___ DATASET RECORDS ___

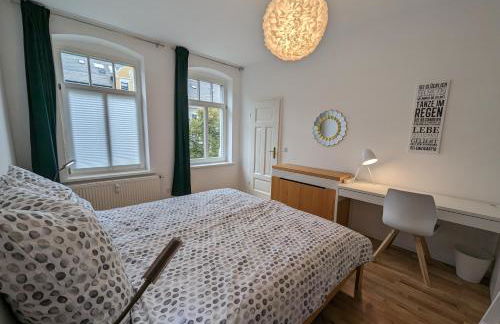 Chemnitz Saxonia HomeDeLuxe Hochwertige 50qm 2-Zimmer-Ferienwohnung mit privaten Kfz Parkplatz Stellplatz mit MWSt-Rechnung mit XXL Hülsta Bett & Etagenbett mit InternetFlatrate - Ideal für Familien, Paare, Kulturinteressierte & Geschäftsreisende! - Foto 3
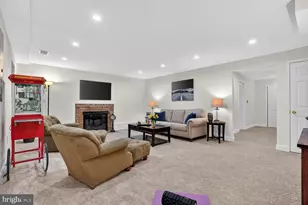 5931 Queenston St, Springfield, VA 22152 - Photo 40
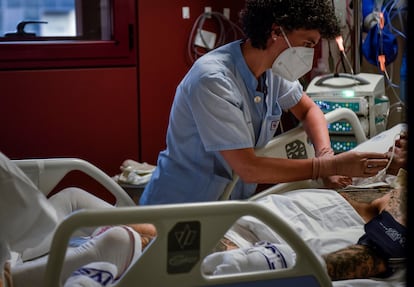 Una sanitaria atiende a un paciente de la UCI del Hospital de Basurto en Bilbao, en una imagen de archivo.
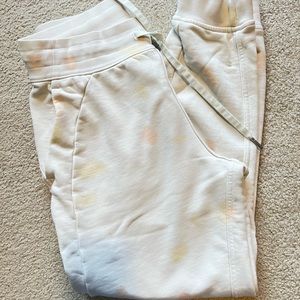 Brand new Lululemon scuba jogger.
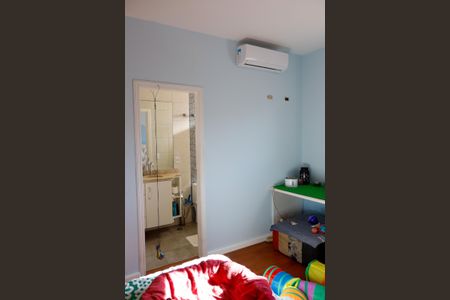 Casa à venda com 444m², 4 quartos e 4 vagas Casa à venda com 444m², 4 quartos e 4 vagasQuarto 1 - Suíte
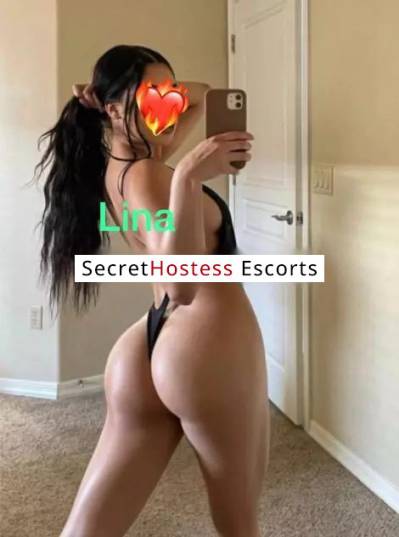 33 Year Old Colombian Escort Manhattan NY - Image 1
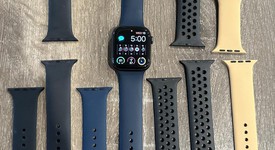 Good
													Apple Watch SE 1st Gen 44mm - Gray, A2352 - GPS, Aluminum, photo 3 of 6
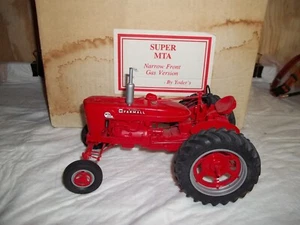 AA Vintage Yoder Models International Farmall Super MTA Wide Front Tractor - Picture 1 of 8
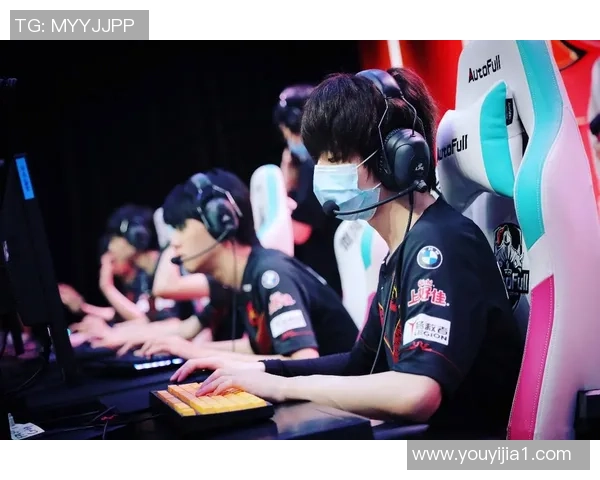 FPX战队灵活性分析及其在DOTA2比赛中的战术应用探讨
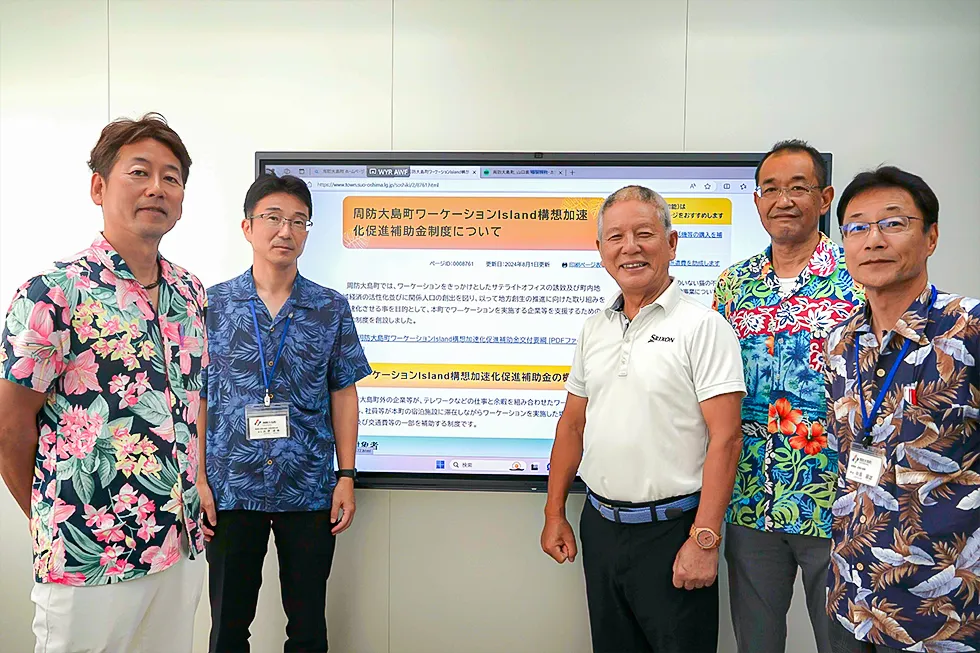 中原さん（右端）らと清水さん（右から３番目）、平田さん（左端）の写真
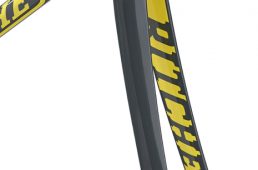 リッチーのスチールロードバイク「ロードロジック」がカラーチェンジ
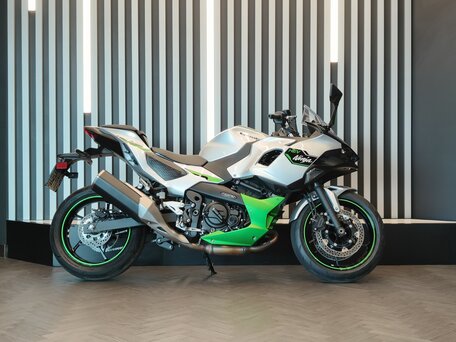 2025 Kawasaki Ninja 7, серебристый, 789000 рублей, вид 2
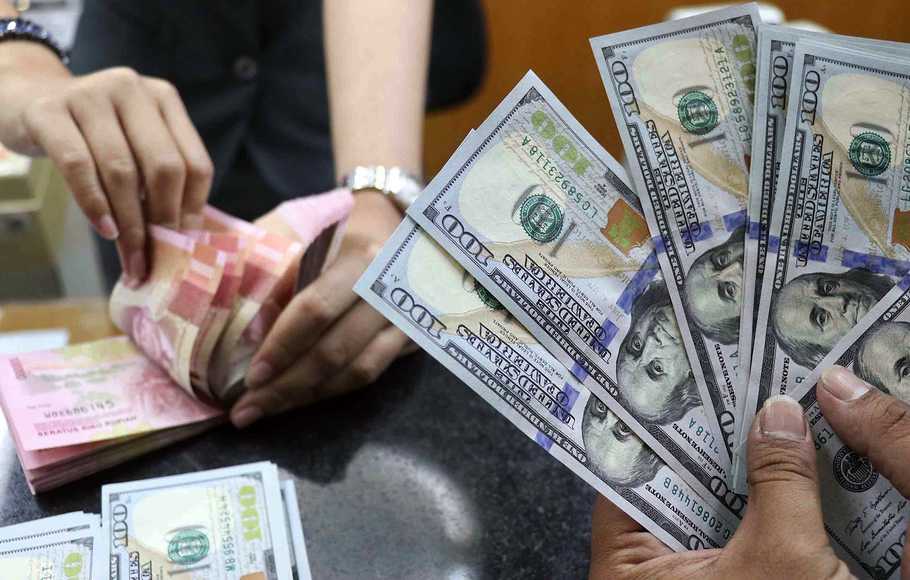 Biden Masih Unggul, Dolar AS Masih Tersungkur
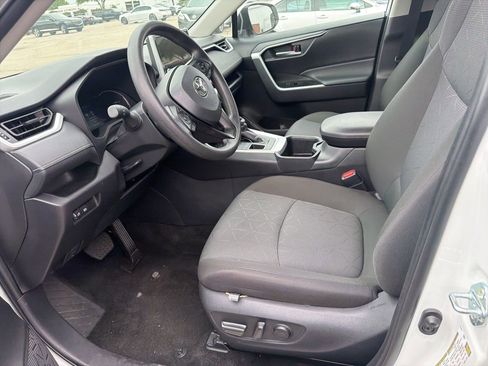Used 2025 Toyota RAV4 XLE image 10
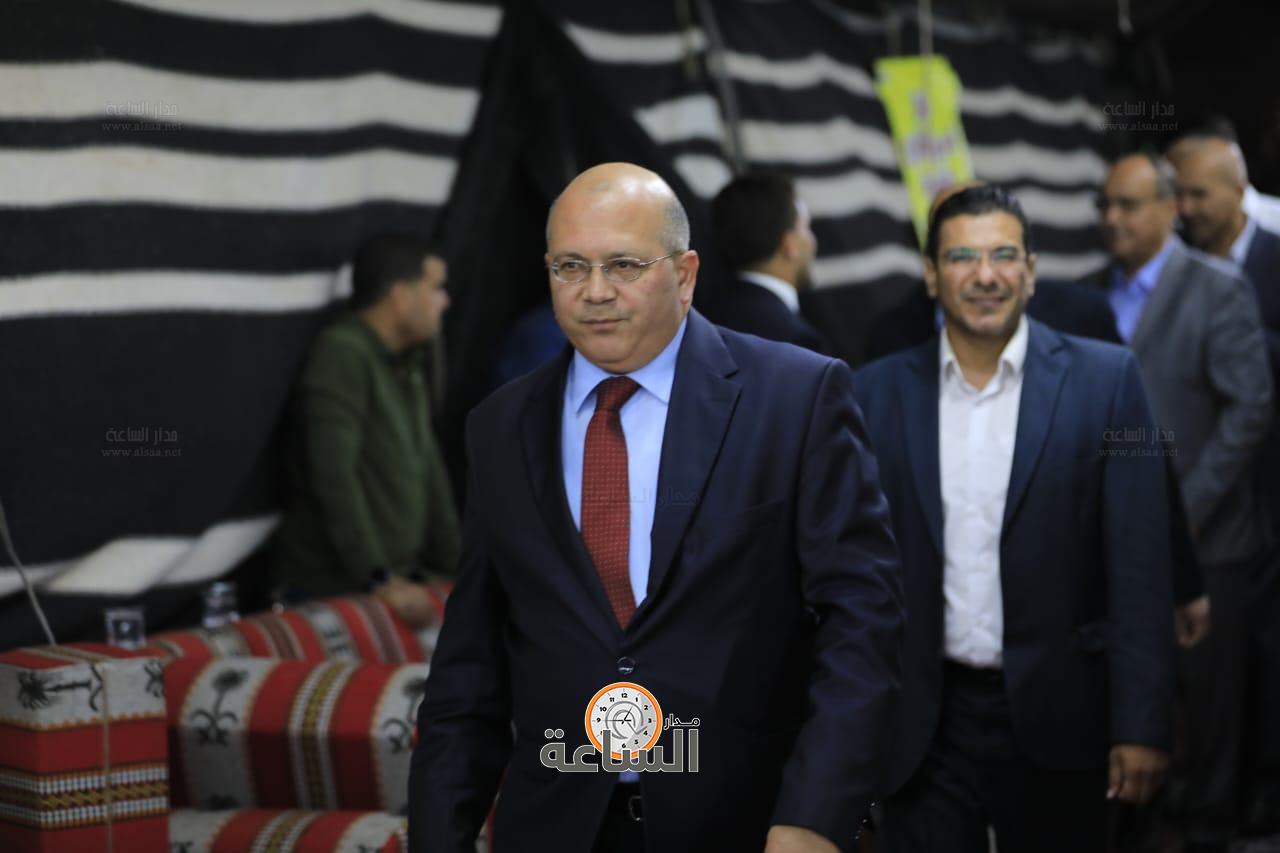 Madar Al-Saa Images 0.2951328646120407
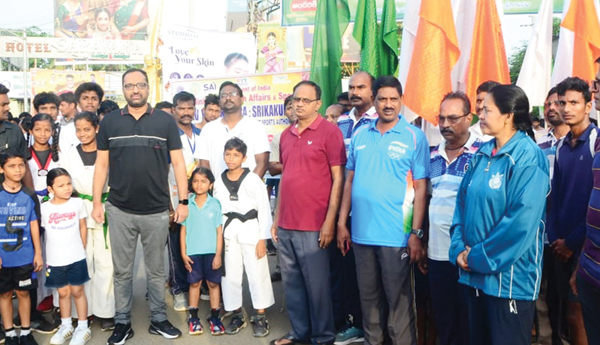 క్రీడలతో జిల్లా ఖ్యాతిని పెంచాలి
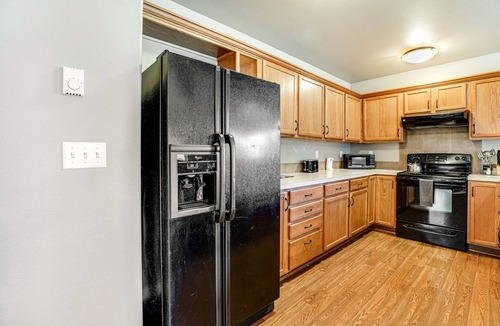 Dunes City Apartment | Ground floor condo with fast WiFi, patio, full kitchen, & private washer/dyer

___

:: WHAT IS BEING ASKED ::
Write out each entry exactly, images excluded.

:: COMPLETED TASK ::
 Chemnitz Saxonia HomeDeLuxe Hochwertige 50qm 2-Zimmer-Ferienwohnung mit privaten Kfz Parkplatz Stellplatz mit MWSt-Rechnung mit XXL Hülsta Bett & Etagenbett mit InternetFlatrate - Ideal für Familien, Paare, Kulturinteressierte & Geschäftsreisende! - Foto 3
 5931 Queenston St, Springfield, VA 22152 - Photo 40
 Una sanitaria atiende a un paciente de la UCI del Hospital de Basurto en Bilbao, en una imagen de archivo.
 Brand new Lululemon scuba jogger.
 Casa à venda com 444m², 4 quartos e 4 vagas Casa à venda com 444m², 4 quartos e 4 vagasQuarto 1 - Suíte
 33 Year Old Colombian Escort Manhattan NY - Image 1
 Good
													Apple Watch SE 1st Gen 44mm - Gray, A2352 - GPS, Aluminum, photo 3 of 6
 AA Vintage Yoder Models International Farmall Super MTA Wide Front Tractor - Picture 1 of 8
 FPX战队灵活性分析及其在DOTA2比赛中的战术应用探讨
 中原さん（右端）らと清水さん（右から３番目）、平田さん（左端）の写真
 リッチーのスチールロードバイク「ロードロジック」がカラーチェンジ
 2025 Kawasaki Ninja 7, серебристый, 789000 рублей, вид 2
 Biden Masih Unggul, Dolar AS Masih Tersungkur
Used 2025 Toyota RAV4 XLE image 10
 Madar Al-Saa Images 0.2951328646120407
 క్రీడలతో జిల్లా ఖ్యాతిని పెంచాలి
 Dunes City Apartment | Ground floor condo with fast WiFi, patio, full kitchen, & private washer/dyer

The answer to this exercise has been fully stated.